Solution: I sketched the trajectory of the point and it was not so difficult. Firstly we need to sketch $x(t)$ and $y(t)$ then we need to "combine" them in order to get the graph of $(x,y)$.

But I have some issues with finding asymptotes.

Definition: The line $c_0+c_1x$ is called an asymptote of the graph of the function $y=f(x)$ as $x\to - \infty$ (or $x\to +\infty$) if $f(x)-(c_0+c_1x)=o(1)$ as $x\to -\infty$ (or $x\to+\infty$).

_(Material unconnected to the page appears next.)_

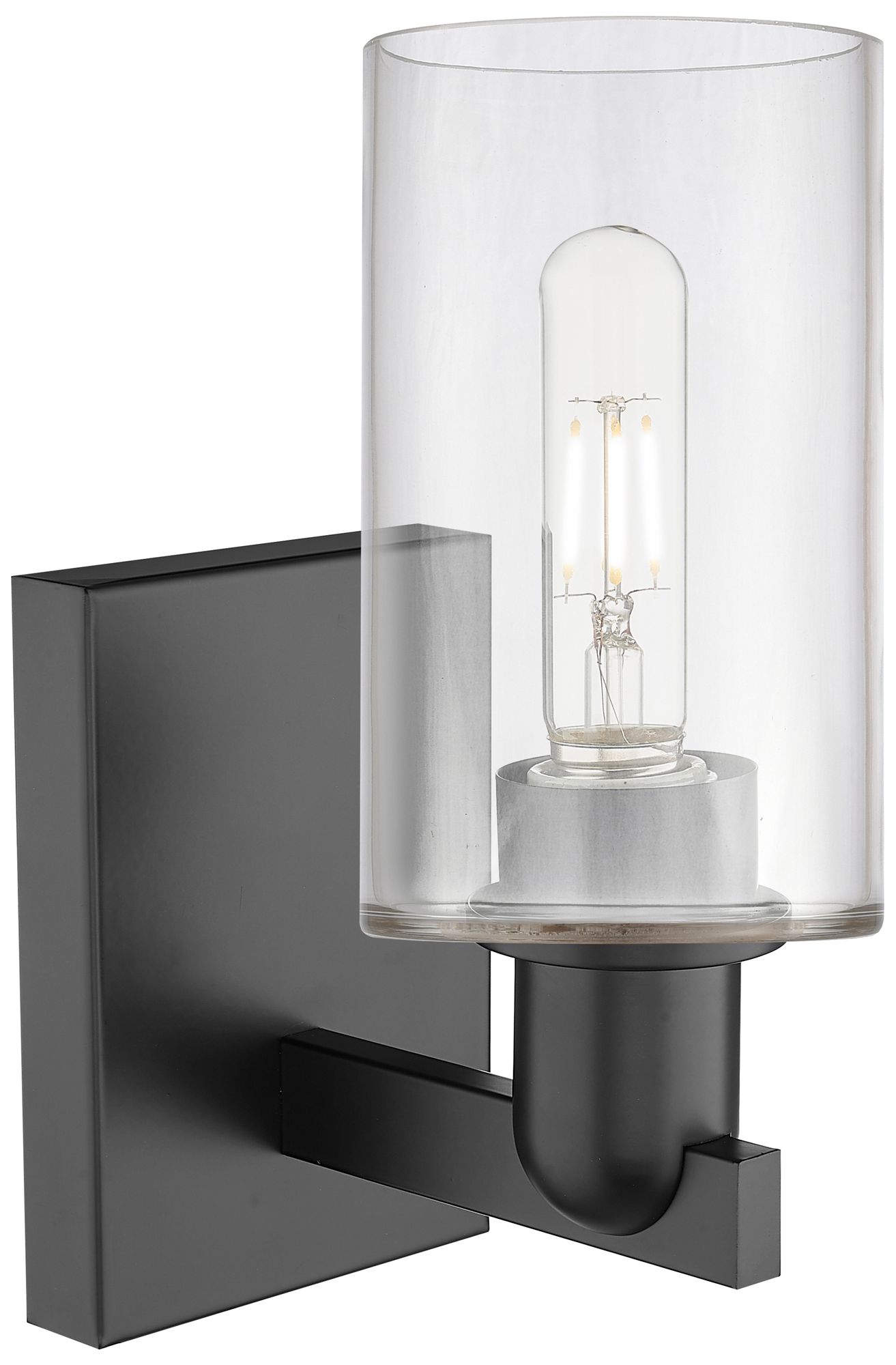 Image 2 Arcadia Clymer 11" High Matte Black Sconce With Clear Shade more views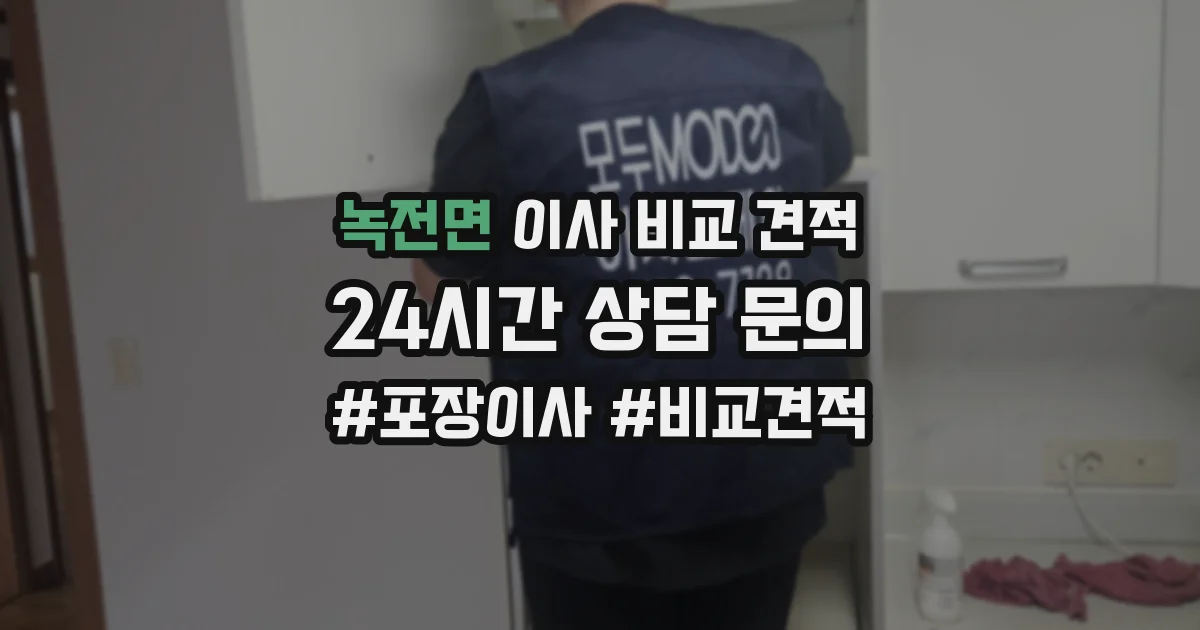 녹전면 이사 비교 견적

Proposition: The line $y=kx+b$ is an oblique asymptote for the function $f(x)$ as $x\to +\infty$ if and only if $\lim \limits_{x\to +\infty}\dfrac{f(x)}{x}=k,\ k\in \mathbb{R}$ and $\lim \limits_{x\to +\infty} (f(x)-kx)=b, \ b\in \mathbb{R}$.

Since $\lim \limits_{t\to 1}\dfrac{y(t)}{x(t)}=-1$ and $\lim \limits_{t\to 1} ((y(t)+x(t))=2$, the line $y=-x+2$ is an asymptote for both ends of the trajectory, corresponding to $t$ approaching $1$. It is also clear that the line $x=0$ is a vertical asymptote for the portion of the trajectory corresponding to $t\to+\infty$.

This is an excerpt from Zorich's book.

Our parametric curve $(x(t),y(t))$ defines a function $f:\mathbb{R}\to \mathbb{R}$. Zorich is doing limit computation in terms of $t$. Can anyone explain in a rigorous way why it implies that $\lim \limits_{x\to +\infty}\dfrac{f(x)}{x}=-1$ and $\lim \limits_{x\to +\infty} (f(x)+x)=2$.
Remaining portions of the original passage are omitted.